Python without dictionary


  • 12
    L
    class Solution:
        # @param {integer[]} nums
        # @param {integer} k
        # @param {integer} t
        # @return {boolean}
        def containsNearbyAlmostDuplicate(self, nums, k, t):
            ind = sorted(range(len(nums)), key = lambda x: nums[x])
            for i in range(len(nums)-1):
                j = i + 1
                while j < len(nums) and nums[ind[j]] - nums[ind[i]] <= t:
                    if abs(ind[i]-ind[j]) <= k:
                        return True
                    j += 1
            return False
    

    ind is an array of the indexes of sorted num. Iterate through ind to check if nums are within t and ind are within k.


  • 0
    O

    intuitively solution, nice~


  • 1
    L

    This algorithm's time complexity seems to be O(n^2), why it didn't cause time limit exceed in OJ?


  • 0
    C

    I think the time complexity of this method is not O(n^2).
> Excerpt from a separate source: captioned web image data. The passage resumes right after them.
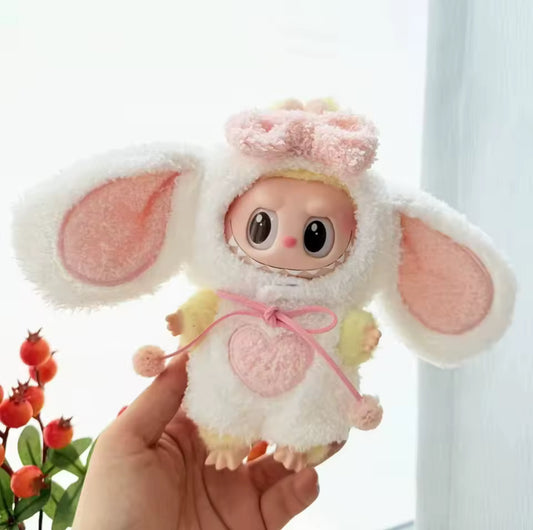Bunny Rabbit Kawaii Cute Doll Labubu Anime Costume Cosplay Clothes 17cm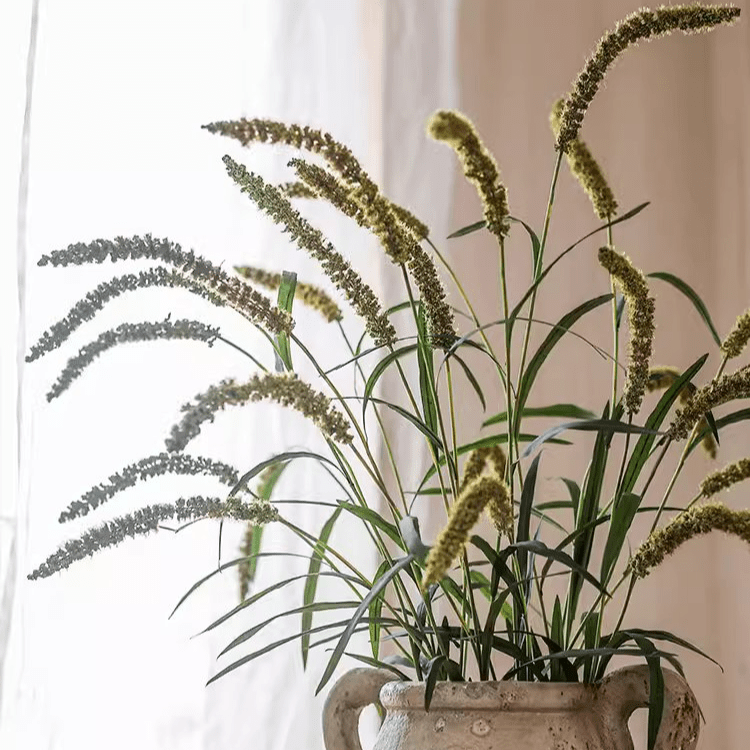 Artificial Three-Headed Dogtail Grass Stem 39" Tall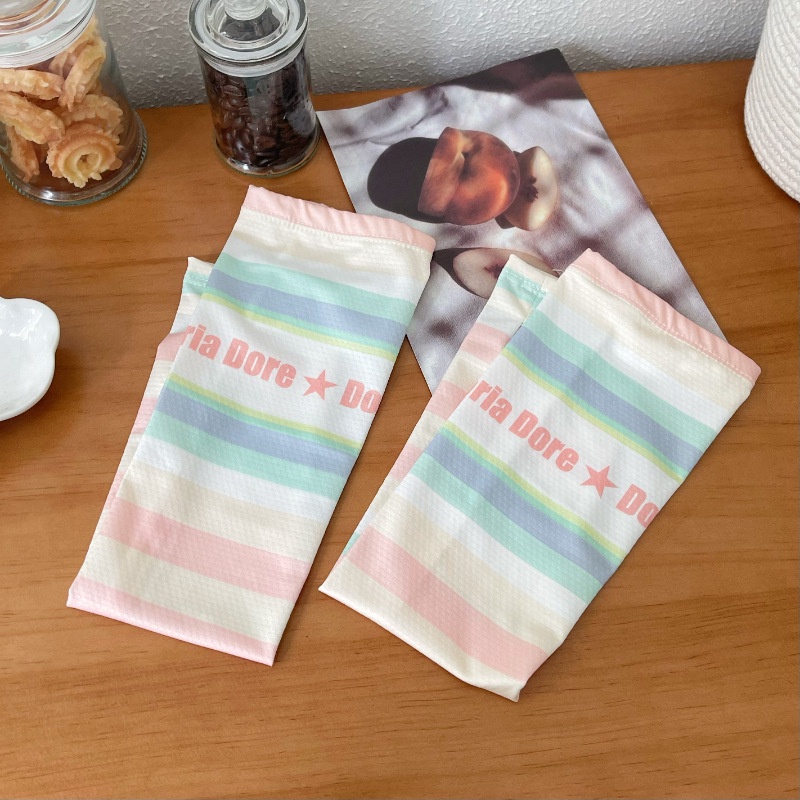 Găng Tay Chống Nắng Bằng Lụa Lạnh Mỏng Dáng Rộng Họa Tiết Kẻ Sọc Chống Tia Cực Tím Thời Trang Mùa Hè Cho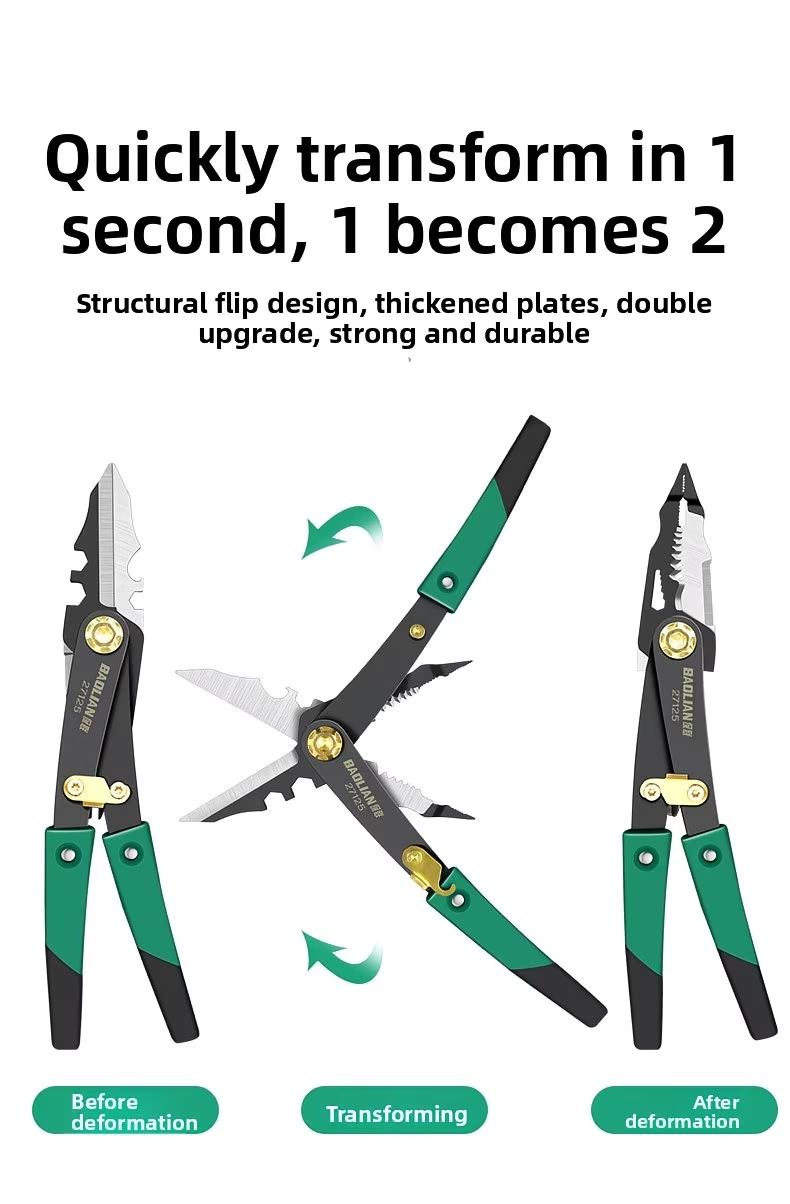 Dual-Head Multi-Function Scissors, High Hardness Deformable Flip Two-In-One Wire Stripping Tool, Quick Powerful Cutting Instrument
It should be O(n*t), as the while loop will have t comparisons at most. The brutal-force solution which searches each k-sized bucket is O(n*k^k). So it depends on the values of t and k^k when comparing which one is better.


  • 0
    L

    Yes you are right, later I figured it out. Since it's called Contain Duplicate III, the t should be a relatively small number :)


  • 0

    @caikehe I thought it should be O(n*t) vs O(n*k), because in these family of solutions position / k and num / t are interchangeable.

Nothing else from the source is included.